### What to produce
Here is a listing. Write it all out again exactly, but not its pictures.

### Data
╭──
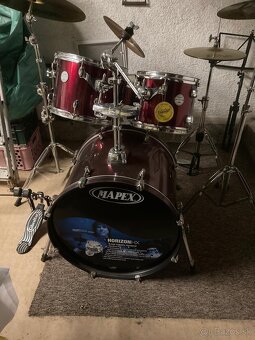 Bicie mapex - 5
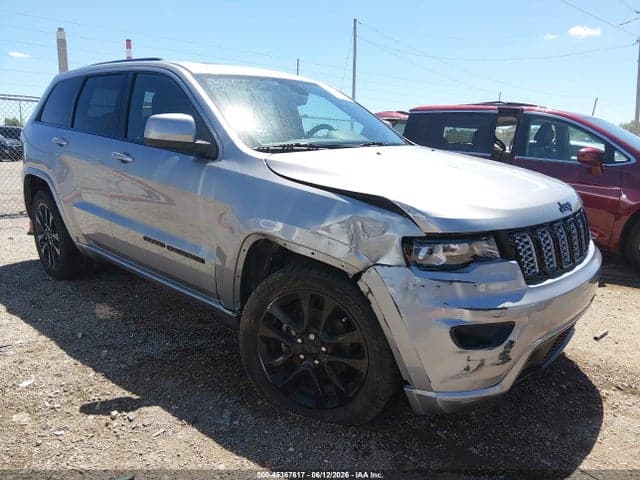 2017 JEEP GRAND CHEROKEE ALTITUDE 4X4 - 1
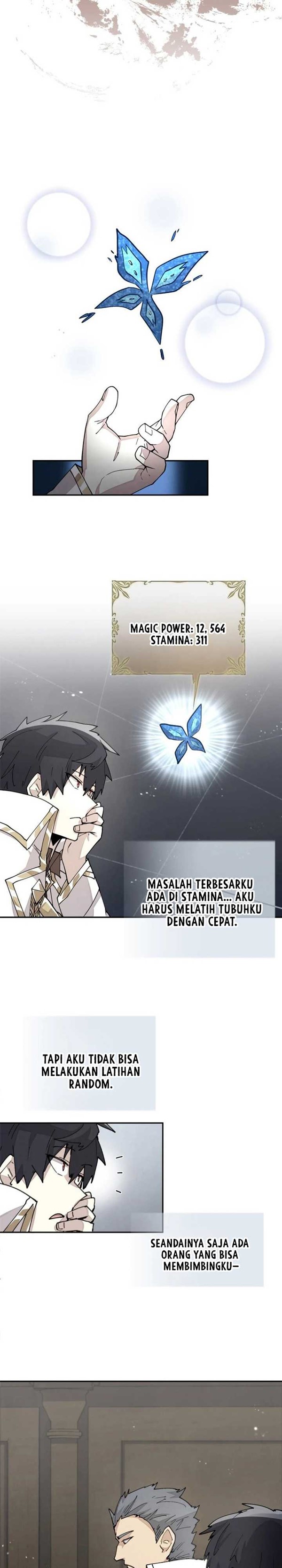 Read The Rebirth of the Hero’s Party’s Archmage Bahasa Indonesia ID Manga Online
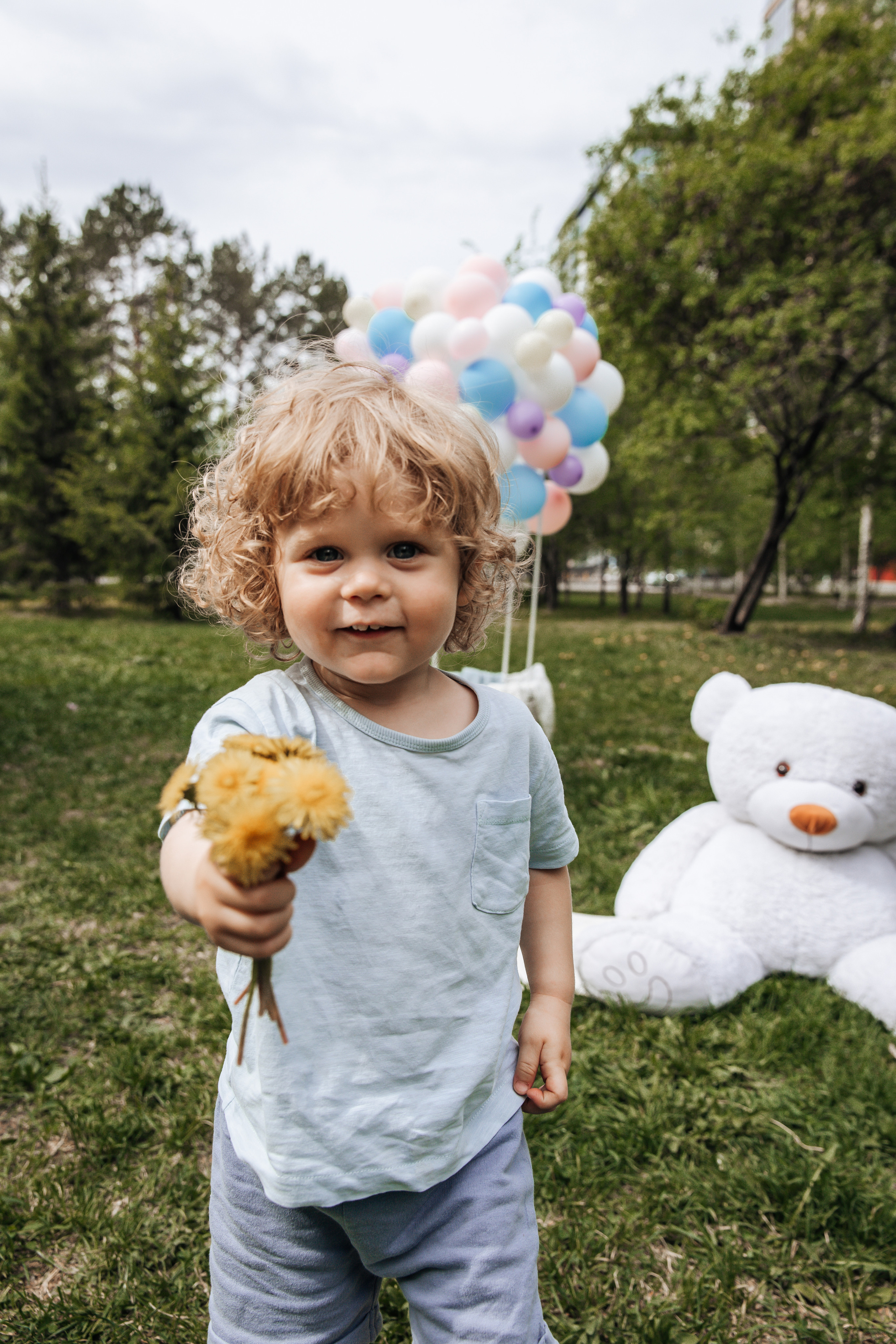 Фотодень «Воздушный шар». Свадебный и семейный фотограф в Санкт-Петербурге Катерина Литасова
╰──
### Solution to this exercise
 Bicie mapex - 5
 2017 JEEP GRAND CHEROKEE ALTITUDE 4X4 - 1
 Read The Rebirth of the Hero’s Party’s Archmage Bahasa Indonesia ID Manga Online
 Фотодень «Воздушный шар». Свадебный и семейный фотограф в Санкт-Петербурге Катерина Литасова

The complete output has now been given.